[Linux-cluster] Advice on Storage Hardware

David Brieck Jr. dbrieck at gmail.com
Fri Nov 11 20:38:11 UTC 2005


On 11/11/05, Michael Will <mwill at penguincomputing.com> wrote:
> I don't see why that should be a problem, thats a common solution we
> recommend to
> customers even without GFS, doing just ordinary NFS and using heartbeat,
> active/passive
> is uncritical.You can even have two NFS mounts of separate partitions
> and have an active/active
> that fails over the missing one if one of the two machines goes down.
> This means you mount one
> from one IP address and the other from the other, and the IP address
> gets migrated over.
>
> This can even be done with SCSI attached storage (4TB per enclosure, up
> to two connected to
> a 1U server), but of course the fibre attached storage (direct attached
> as well as a complete san)
> is considered more reliable and performant.
>
> Michael Will

Thanks Michael. We had a call with our hardware vendor and spoke about
the SAN solution after which they sent us a working estimate of costs
for a 7 server cluster.

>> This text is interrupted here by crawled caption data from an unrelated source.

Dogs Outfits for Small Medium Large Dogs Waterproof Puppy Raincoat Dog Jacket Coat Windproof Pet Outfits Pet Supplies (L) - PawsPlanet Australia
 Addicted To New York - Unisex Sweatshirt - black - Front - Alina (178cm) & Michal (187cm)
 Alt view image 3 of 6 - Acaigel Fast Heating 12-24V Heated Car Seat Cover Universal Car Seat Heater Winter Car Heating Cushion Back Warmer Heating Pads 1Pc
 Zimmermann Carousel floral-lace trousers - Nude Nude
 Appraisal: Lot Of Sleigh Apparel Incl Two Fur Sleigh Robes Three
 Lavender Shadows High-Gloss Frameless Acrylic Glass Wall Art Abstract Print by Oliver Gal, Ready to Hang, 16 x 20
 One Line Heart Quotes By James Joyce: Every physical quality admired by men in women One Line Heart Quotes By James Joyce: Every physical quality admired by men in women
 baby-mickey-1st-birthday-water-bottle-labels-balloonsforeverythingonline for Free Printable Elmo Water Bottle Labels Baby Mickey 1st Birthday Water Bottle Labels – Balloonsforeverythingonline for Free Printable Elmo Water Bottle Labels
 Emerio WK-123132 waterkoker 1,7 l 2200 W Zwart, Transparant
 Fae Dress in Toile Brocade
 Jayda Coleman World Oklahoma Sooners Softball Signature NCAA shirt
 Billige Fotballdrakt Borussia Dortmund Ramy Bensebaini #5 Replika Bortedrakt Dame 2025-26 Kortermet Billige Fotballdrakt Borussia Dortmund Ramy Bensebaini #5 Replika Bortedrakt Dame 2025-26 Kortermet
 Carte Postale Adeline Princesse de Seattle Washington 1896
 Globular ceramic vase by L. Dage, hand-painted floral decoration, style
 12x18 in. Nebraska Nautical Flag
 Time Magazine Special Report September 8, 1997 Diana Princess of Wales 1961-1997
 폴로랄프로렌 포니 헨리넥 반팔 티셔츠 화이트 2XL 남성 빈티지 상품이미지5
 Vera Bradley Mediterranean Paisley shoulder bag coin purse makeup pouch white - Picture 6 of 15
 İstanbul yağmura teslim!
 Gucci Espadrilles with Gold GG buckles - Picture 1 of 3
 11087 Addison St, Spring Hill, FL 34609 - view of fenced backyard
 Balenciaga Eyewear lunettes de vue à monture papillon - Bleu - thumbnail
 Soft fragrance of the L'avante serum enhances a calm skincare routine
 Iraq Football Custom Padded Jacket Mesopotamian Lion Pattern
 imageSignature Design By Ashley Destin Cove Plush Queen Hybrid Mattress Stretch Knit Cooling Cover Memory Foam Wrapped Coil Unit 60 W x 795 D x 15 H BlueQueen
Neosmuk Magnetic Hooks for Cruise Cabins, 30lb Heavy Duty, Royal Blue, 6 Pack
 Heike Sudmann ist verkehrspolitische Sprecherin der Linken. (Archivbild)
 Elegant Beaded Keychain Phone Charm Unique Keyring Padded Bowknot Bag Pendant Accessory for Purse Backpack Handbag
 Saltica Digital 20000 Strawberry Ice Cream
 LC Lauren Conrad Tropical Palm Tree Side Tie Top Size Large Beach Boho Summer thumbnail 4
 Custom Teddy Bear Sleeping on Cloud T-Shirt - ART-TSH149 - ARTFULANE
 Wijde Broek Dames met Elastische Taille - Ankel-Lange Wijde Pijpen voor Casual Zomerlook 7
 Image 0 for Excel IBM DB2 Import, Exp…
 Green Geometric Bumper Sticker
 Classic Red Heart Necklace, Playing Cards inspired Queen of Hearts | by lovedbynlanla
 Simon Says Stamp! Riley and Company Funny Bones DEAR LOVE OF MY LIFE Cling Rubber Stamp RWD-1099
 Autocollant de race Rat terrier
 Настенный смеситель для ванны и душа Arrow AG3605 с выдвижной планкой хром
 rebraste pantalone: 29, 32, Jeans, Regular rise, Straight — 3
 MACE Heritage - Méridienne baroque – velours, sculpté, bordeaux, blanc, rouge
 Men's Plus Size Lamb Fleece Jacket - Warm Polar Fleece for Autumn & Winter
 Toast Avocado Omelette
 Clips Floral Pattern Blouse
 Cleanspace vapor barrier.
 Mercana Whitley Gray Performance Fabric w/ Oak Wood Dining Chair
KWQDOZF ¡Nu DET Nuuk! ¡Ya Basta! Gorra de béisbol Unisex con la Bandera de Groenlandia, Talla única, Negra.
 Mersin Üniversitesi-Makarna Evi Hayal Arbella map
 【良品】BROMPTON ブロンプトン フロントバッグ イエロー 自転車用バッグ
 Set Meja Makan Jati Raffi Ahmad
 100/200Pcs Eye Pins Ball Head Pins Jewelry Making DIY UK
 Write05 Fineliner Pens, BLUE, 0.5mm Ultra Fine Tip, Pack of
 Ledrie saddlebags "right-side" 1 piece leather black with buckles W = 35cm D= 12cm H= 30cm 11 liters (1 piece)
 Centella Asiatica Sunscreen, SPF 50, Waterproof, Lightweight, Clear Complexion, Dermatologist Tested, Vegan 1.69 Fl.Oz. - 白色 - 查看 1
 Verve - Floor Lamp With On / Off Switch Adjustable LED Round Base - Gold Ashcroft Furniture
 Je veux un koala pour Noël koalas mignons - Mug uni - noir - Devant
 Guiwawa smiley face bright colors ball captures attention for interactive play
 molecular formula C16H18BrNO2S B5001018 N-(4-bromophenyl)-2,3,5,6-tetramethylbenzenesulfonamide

If we are able to use the aforementioned
storage solution in place of a fibre SAN we stand to save a
significant amount of money for an application that our IT department
just doesn't think it's necessary.

We've got another call with them next week where they are going to try
to convince us that we're wrong and need to buy the SAN, I just want
to make sure I don't look like an idiot when they get one of their
engineers on the call and explain where I'm wrong and I'm not able to
defend myself.

The reason I'm planning on using GNBD and GFS instead of NFS is that
the storage will be used in part by a proprietary application that
doesn't support storage on NFS. I also need to allow the webservers to
mount the same data and from what I understand locking would be a
problem on an NFS mount.

Thanks again.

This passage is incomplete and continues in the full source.